── Exercise data ──
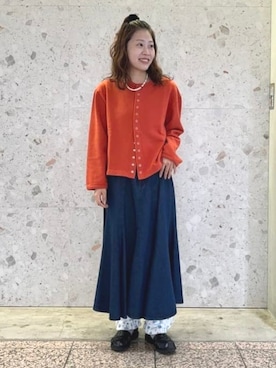 「アイテム（デニムスカート）」を使った、BEAMS BOYさん（レディース・156cm）の秋コーディネート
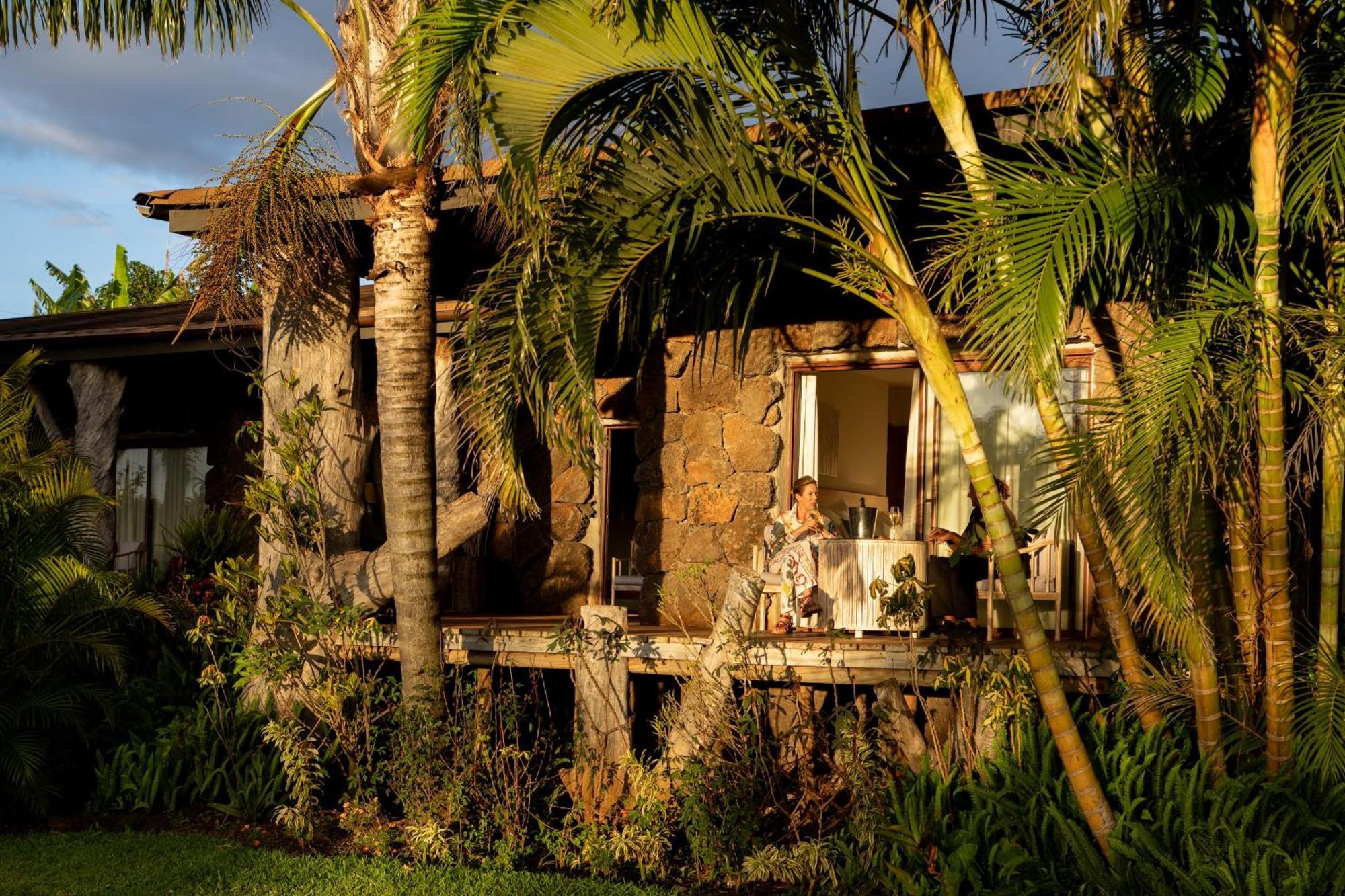 Hotel Hare Uta Hanga Roa Exterior photo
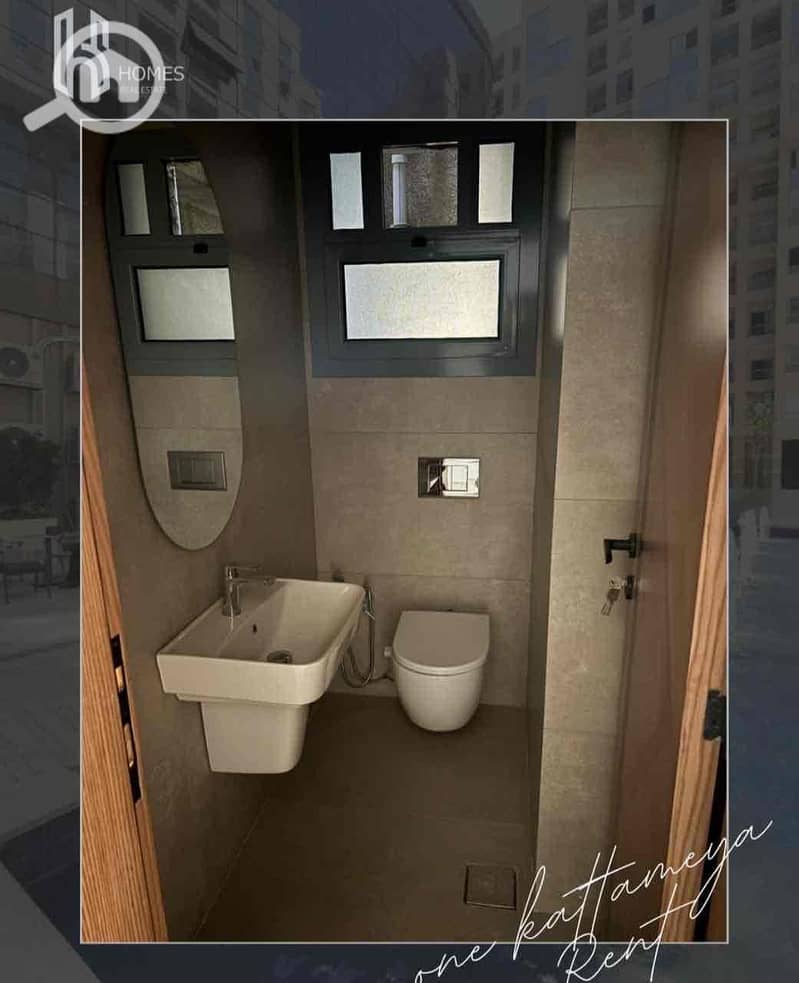 4 77946123-0f3a-4c4b-871f-3e280a740fd0. jpg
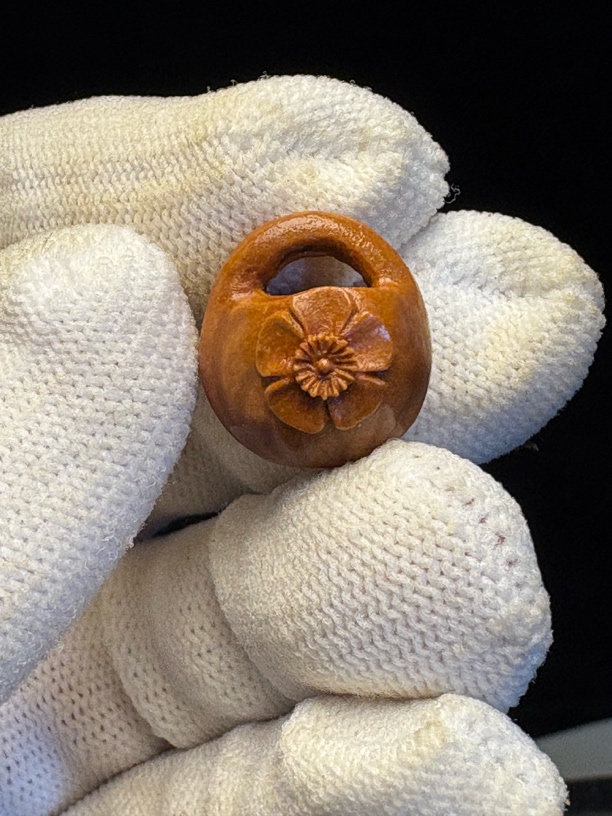 纯手工雕刻桃篮梅花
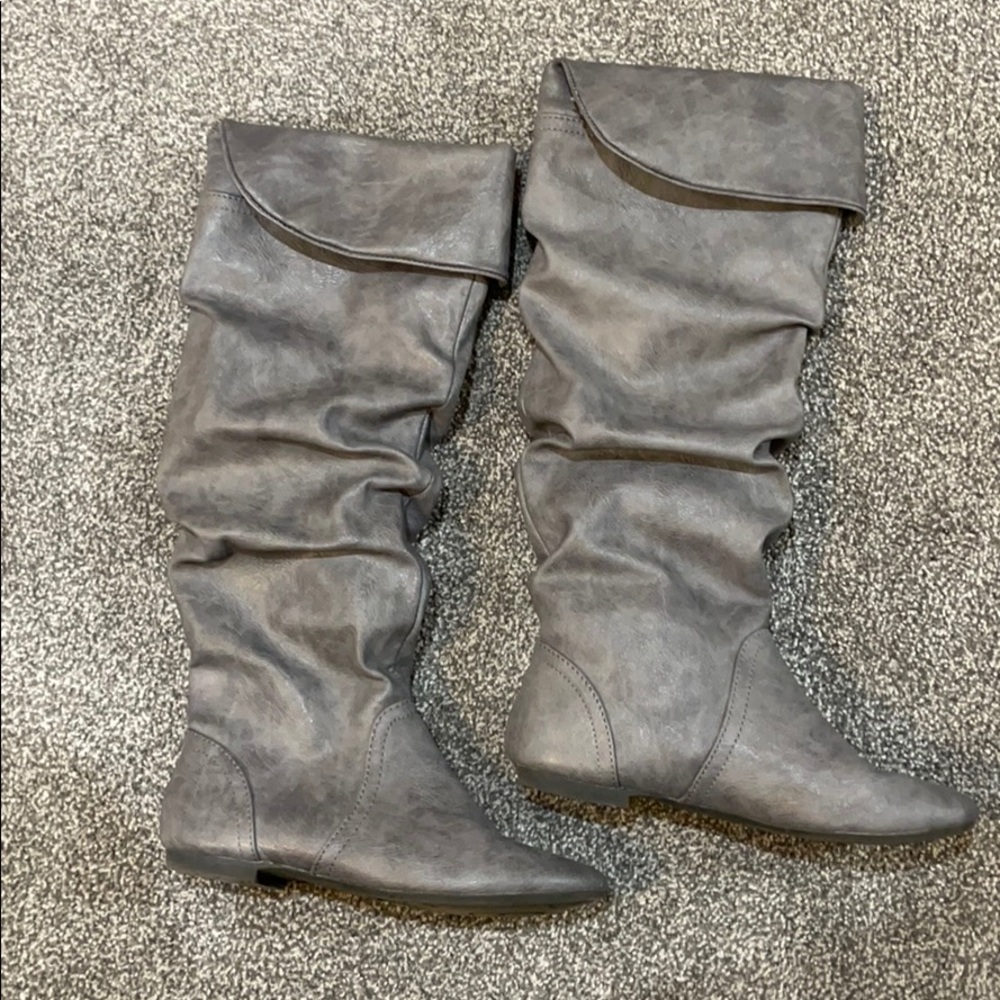 LOWER EAST SIDE (from Target) Gray boots size 6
───
# Problem
Repeat every record above exactly. Omit the pictures.

# Worked solution
 「アイテム（デニムスカート）」を使った、BEAMS BOYさん（レディース・156cm）の秋コーディネート
 Hotel Hare Uta Hanga Roa Exterior photo
 4 77946123-0f3a-4c4b-871f-3e280a740fd0. jpg
 纯手工雕刻桃篮梅花
 LOWER EAST SIDE (from Target) Gray boots size 6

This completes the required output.